One ETF, 3,600 Stocks, and a 15% Tax Break: Why Global Investors Are Choosing VWRA Over US-Listed Alternatives
DT
Devon Townsend
Vanguard · Apr 11, 2026
Source: The Digital Ledger Data Terminal
For long-term, globally diversified investors in Singapore, VWRA reduces tax drag and simplifies portfolio construction more effectively than US-listed or single-market ETFs.
The Vanguard FTSE All-World UCITS ETF (VWRA) tracks the FTSE All-World Index, covering over 3,600 companies across approximately 50 countries. It is domiciled in Ireland under the UCITS framework, making it tax-efficient for non-US investors. Singaporean investors face a 15% dividend withholding tax on VWRA distributions, compared to a 30% withholding tax on US-listed ETFs.
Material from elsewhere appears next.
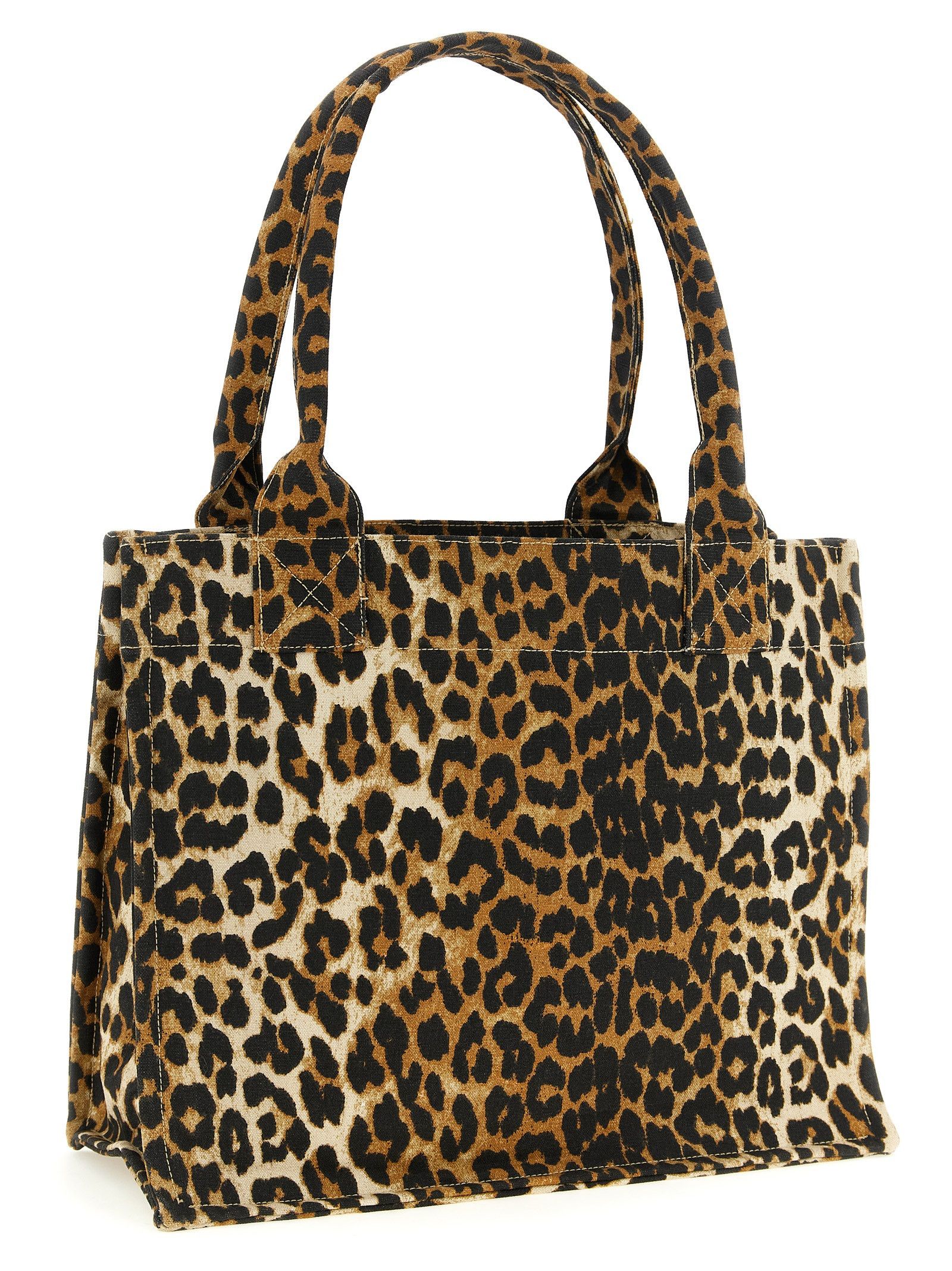 Ganni 'Leopard' Large Shopping Bag Size ONE SIZE - 2 Thumbnail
Non-US investors holding US-listed ETFs are subject to a 40% US estate tax on assets exceeding $60,000 upon death. VWRA eliminates both the higher dividend tax and estate tax risk for Singapore-based investors.
The fund has a total expense ratio of 0.19% per year, providing global equity exposure at a low cost. It is market-cap-weighted, with approximately 63% allocated to US equities and 10–12% to emerging markets. Investors gain instant diversification across developed and emerging markets with a single purchase. Dividends in VWRA are automatically reinvested, compounding returns without investor action. The ETF can be purchased through low-cost brokers like Webull, uSMART, and Tiger Brokers with a minimum of one share.